Hitler fue un fundador de Historia que dejó acabado el trabajo sucio de un movimiento transnacional de reestructuración de los mercados. Los que vinieron detrás, bajo el estandarte de la democracia liberal, se aprovecharon de ello con evidente rentabilidad.

Durante la Primera Guerra Mundial, de la que salió convertido en héroe, el "cabo bohemio" jamás se separó de una edición de bolsillo de El mundo como voluntad y representación (Arthur  Schopenhauer), obra en la que se enfrascaba siempre que disponía de algún tiempo libre, lo que era un tipo de distracción infrecuente entre la tropa.

Hitler era muy elocuente en distintos registros, pero sobre todo en el uso del lenguaje popular debidamente mezclado con una agresiva y grandilocuente retórica ultranacionalista, totalitaria y canibalescamente racista. Pero él decía exactamente lo que la mayoría  del pueblo alemán quería oír en aquella situación histórica. Y la mayoría de los alemanes lo siguieron llenos de esperanza —y de odio— después de aclamarlo como un héroe redentor. El desprecio de Hitler hacia el oriente europeo se refleja en una de sus ingeniosas hipérboles a ras de suelo: “Prefiero ir andando a Flandes que en automóvil al Este”. Un chico gracioso. 

Respecto a  la fuerza de arrastre del III Reich, Von Gerlach habla de la infeliz coincidencia de un misticismo romántico, por una parte, y, por otra, del espíritu de banda y la camaradería entre matones. Una combinación explosiva.

“La reorganización de la sociedad fue el resultado más importante de la revolución nazi; reorganización total que condujo a la supresión de todo grupo social independiente. Cada vez que dos o tres personas se reunían, el Führer estaba presente”, escribió W. S. Allen. Es decir, se produjo la desrealización de los vínculos sociales. Lo que quedaba luego no era más que el Stammtish: beber cerveza y jugar a las cartas.

Entre 1919 y 1933 se sientan las bases de lo que se llamó la revolución conservadora (¿les recuerda algo reciente esta expresión? ¿Reagan, Thatcher?), cuyos principales representantes fueron Moeller van den Bruck, Oswald Spengler y Ernst Jünger, que asumieron y modernizaron el conglomerado ideológico reaccionario de la Liga Pangermánica; sin olvidar a Friedrich Von Bernhardi, decididamente activista, optimista y pseudonietzscheano, como lo calificó Louis Dupeux. Un acompañamiento de lujo.

En semejante contexto pudo Hitler sentirse el Prometeo teutón y contagiar no sólo a Alemania sino a más de media Europa.
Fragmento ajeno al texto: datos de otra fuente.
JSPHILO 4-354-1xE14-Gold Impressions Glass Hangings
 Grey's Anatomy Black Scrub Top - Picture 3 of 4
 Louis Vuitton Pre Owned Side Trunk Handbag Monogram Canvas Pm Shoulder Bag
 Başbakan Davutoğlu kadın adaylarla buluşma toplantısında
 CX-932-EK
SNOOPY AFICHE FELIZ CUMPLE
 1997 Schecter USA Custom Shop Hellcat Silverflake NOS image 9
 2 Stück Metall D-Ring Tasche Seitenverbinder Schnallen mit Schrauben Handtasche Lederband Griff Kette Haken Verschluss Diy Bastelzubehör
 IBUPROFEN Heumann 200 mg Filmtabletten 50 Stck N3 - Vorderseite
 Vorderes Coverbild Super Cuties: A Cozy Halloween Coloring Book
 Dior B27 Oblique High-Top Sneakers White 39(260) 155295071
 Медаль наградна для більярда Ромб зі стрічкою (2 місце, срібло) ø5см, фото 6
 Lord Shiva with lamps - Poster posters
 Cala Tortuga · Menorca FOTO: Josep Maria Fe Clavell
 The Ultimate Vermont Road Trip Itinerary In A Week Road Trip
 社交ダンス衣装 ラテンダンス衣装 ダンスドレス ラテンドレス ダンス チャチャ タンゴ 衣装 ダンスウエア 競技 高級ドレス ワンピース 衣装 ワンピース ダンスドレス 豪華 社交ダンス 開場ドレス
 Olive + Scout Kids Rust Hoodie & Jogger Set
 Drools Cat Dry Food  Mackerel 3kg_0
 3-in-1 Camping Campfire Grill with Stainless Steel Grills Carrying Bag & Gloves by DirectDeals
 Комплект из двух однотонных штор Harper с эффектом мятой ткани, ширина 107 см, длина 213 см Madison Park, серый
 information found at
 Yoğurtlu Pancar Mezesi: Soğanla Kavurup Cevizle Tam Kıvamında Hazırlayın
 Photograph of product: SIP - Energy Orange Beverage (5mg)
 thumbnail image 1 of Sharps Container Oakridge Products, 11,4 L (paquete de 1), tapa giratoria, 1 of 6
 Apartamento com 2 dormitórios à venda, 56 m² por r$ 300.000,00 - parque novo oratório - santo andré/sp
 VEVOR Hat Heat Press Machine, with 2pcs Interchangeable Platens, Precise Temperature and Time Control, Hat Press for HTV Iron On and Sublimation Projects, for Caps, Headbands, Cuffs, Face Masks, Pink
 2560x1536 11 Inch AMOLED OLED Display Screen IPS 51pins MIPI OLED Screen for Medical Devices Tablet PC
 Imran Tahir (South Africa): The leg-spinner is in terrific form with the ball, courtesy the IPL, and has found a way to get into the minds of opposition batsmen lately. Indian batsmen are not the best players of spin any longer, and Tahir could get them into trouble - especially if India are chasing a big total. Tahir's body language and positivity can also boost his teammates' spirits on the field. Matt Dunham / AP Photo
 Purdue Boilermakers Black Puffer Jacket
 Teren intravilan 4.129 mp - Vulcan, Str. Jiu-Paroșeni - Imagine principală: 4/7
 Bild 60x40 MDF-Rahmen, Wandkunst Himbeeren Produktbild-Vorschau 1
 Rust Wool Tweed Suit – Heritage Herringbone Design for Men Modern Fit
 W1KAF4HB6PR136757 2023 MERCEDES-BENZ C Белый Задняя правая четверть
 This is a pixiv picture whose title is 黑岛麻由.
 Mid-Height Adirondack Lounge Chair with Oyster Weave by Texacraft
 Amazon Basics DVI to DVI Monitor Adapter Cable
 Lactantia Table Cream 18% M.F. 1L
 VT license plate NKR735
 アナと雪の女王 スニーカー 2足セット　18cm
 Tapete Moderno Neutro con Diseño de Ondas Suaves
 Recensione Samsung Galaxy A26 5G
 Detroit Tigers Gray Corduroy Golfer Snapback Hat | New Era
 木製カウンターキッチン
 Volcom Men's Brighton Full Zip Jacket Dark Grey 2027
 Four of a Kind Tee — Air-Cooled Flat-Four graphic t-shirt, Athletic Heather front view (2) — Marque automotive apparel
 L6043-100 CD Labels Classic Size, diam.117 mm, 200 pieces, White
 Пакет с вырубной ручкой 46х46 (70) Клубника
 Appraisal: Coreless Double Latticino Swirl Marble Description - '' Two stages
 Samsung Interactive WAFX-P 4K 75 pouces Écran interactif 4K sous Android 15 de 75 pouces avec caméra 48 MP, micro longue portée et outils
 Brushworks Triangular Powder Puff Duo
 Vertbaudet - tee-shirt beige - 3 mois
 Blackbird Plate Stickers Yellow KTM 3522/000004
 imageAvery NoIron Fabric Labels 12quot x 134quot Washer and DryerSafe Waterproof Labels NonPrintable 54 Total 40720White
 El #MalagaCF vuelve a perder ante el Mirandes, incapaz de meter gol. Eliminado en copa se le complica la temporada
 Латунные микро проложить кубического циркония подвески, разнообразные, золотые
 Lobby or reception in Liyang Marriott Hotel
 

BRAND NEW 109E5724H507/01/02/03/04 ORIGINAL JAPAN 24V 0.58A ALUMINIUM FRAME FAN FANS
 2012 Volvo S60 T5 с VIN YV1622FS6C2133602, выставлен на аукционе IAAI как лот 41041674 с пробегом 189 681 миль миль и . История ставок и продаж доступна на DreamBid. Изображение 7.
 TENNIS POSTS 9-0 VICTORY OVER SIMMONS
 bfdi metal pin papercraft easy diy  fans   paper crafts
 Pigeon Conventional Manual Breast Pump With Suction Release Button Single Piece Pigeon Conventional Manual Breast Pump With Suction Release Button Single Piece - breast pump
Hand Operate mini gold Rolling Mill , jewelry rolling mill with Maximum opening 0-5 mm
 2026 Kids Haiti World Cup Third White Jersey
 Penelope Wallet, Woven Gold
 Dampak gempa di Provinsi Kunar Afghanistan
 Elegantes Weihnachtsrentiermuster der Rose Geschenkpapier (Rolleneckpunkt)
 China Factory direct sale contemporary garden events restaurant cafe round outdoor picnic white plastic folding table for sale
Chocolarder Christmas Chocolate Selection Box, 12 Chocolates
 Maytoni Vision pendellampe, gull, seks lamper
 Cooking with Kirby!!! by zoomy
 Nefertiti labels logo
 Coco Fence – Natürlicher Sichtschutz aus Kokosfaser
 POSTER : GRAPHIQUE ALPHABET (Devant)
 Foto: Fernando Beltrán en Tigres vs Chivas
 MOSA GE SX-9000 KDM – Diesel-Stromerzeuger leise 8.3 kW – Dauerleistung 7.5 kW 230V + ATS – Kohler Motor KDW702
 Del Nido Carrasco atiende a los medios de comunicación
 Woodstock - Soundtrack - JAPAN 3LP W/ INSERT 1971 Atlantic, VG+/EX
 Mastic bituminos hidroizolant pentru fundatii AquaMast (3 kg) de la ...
En los dominios del Reich la lógica dictatorial de condicionamiento permanente de la opinión pública discurrió en paralelo con el control progresivo de todo un universo policíaco bajo la dirección de Himmler. Así se cerraba el círculo de la fatalidad.

Si un auténtico demócrata (sin adjetivos) dice que Hitler fue un hijo de puta, es una verdad como un templo; pero si lo dice el aparato publicitario de las administraciones imperialistas, por poner un caso, entonces se trata de una miserable coartada. 


NOTA:
Este artículo mío fue publicado, con el pseudónimo de Klaus Moser, en el número 14 de Síntesis, Suplemento Cultural de Publicaciones del Sur, enero de 2006.